▸ Task directions
Data follows below. Repeat exactly the lines between the line holding "Miniature Australian Shepherd" and the line holding "Bolničar v veterinarstvu", inclusive, and nothing more; drop pictures.

▸ Information supplied
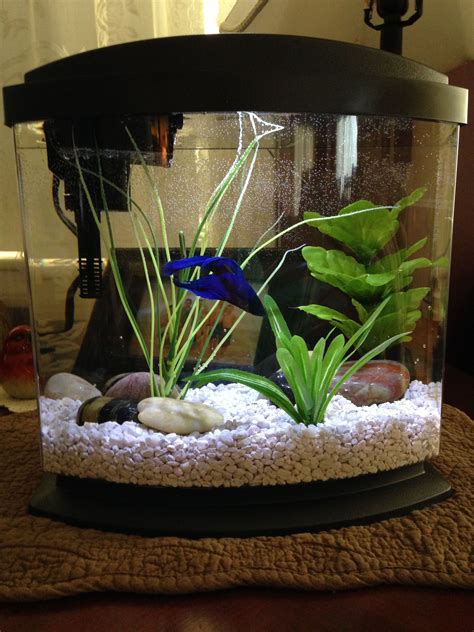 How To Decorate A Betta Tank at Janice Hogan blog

--

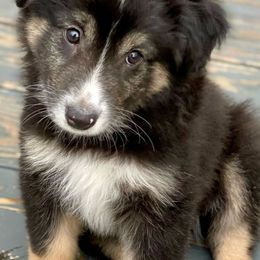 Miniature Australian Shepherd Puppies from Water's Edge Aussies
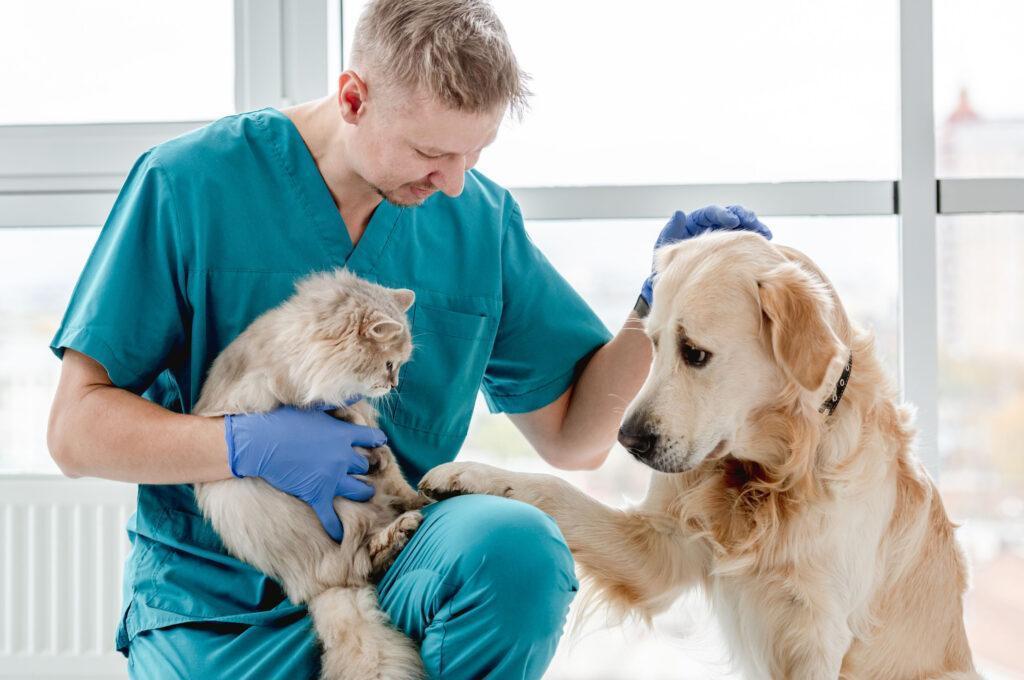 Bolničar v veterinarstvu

* * *

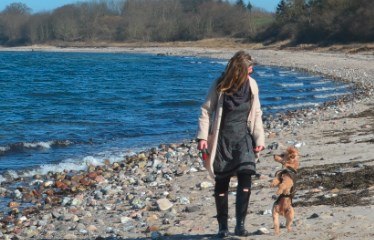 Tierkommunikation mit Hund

▸ Result of this task
 Miniature Australian Shepherd Puppies from Water's Edge Aussies
 Bolničar v veterinarstvu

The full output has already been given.